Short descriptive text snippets

========

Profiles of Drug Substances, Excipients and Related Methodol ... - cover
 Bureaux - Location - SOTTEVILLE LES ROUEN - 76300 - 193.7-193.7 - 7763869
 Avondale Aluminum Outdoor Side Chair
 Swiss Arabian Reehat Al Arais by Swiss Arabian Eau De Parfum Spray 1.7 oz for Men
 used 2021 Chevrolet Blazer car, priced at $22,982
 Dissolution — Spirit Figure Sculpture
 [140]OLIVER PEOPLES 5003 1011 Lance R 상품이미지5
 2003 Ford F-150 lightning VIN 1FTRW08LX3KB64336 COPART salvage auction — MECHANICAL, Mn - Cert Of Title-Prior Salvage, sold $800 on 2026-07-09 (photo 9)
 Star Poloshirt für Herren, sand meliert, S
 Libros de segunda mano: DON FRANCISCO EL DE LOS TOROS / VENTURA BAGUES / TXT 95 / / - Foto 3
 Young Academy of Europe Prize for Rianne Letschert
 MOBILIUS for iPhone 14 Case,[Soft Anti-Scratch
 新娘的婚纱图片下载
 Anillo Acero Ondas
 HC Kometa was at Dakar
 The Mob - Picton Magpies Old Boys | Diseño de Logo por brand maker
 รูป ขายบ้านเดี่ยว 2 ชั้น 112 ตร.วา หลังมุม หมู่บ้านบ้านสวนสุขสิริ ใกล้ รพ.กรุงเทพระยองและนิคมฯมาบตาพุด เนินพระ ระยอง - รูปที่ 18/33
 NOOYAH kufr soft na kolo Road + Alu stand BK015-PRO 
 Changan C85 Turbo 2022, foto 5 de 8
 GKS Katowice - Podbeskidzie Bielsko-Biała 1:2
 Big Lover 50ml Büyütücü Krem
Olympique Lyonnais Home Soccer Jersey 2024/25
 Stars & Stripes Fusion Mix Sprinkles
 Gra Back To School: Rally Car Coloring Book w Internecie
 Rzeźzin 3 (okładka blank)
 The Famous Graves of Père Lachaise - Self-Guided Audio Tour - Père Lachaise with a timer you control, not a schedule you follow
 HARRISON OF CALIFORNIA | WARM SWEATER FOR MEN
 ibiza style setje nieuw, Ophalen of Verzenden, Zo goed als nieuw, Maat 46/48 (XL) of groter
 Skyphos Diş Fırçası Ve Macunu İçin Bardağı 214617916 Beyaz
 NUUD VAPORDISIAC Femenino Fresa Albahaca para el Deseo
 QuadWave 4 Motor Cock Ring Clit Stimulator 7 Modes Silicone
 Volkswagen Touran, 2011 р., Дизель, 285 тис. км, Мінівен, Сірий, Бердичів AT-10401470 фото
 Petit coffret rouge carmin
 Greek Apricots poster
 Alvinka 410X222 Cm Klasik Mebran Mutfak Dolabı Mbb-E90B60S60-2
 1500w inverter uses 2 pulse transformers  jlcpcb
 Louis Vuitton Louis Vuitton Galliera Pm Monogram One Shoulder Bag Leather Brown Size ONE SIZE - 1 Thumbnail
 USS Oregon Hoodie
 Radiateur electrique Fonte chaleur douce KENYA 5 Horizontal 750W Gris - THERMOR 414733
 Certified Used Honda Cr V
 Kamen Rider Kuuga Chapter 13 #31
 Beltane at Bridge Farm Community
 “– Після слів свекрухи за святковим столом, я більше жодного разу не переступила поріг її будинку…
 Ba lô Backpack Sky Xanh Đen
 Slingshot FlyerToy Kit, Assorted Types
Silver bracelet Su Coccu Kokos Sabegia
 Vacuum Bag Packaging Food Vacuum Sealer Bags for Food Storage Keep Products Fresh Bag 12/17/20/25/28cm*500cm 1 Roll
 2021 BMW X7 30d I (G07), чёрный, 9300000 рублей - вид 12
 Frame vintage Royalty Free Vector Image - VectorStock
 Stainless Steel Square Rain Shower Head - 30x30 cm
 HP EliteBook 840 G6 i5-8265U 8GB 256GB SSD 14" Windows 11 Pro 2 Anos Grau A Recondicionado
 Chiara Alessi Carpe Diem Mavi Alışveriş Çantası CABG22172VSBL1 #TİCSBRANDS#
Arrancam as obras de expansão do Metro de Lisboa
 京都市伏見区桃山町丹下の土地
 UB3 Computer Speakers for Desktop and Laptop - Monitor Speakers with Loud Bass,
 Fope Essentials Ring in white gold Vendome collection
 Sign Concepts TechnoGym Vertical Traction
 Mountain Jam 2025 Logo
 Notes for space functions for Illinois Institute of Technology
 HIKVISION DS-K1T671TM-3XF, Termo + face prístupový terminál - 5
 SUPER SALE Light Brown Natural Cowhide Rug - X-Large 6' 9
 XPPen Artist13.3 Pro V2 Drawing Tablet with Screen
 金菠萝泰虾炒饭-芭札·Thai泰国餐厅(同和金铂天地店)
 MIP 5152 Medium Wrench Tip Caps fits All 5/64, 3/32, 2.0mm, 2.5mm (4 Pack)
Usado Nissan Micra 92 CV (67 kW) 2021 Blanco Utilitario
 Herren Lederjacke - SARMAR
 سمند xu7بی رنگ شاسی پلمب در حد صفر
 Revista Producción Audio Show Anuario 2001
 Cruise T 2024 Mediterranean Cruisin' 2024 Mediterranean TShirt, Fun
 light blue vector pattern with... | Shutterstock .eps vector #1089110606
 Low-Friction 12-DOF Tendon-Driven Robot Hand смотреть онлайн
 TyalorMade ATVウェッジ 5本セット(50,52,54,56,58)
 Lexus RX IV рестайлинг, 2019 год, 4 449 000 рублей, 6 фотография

========

* _The problem_:
Reproduce, word for word and in full, only the lines above that start at the line with "QuadWave 4 Motor" and run through the line with "Beltane at Bridge Farm Community", both ends included.

* _Solved problem_:
 QuadWave 4 Motor Cock Ring Clit Stimulator 7 Modes Silicone
 Volkswagen Touran, 2011 р., Дизель, 285 тис. км, Мінівен, Сірий, Бердичів AT-10401470 фото
 Petit coffret rouge carmin
 Greek Apricots poster
 Alvinka 410X222 Cm Klasik Mebran Mutfak Dolabı Mbb-E90B60S60-2
 1500w inverter uses 2 pulse transformers  jlcpcb
 Louis Vuitton Louis Vuitton Galliera Pm Monogram One Shoulder Bag Leather Brown Size ONE SIZE - 1 Thumbnail
 USS Oregon Hoodie
 Radiateur electrique Fonte chaleur douce KENYA 5 Horizontal 750W Gris - THERMOR 414733
 Certified Used Honda Cr V
 Kamen Rider Kuuga Chapter 13 #31
 Beltane at Bridge Farm Community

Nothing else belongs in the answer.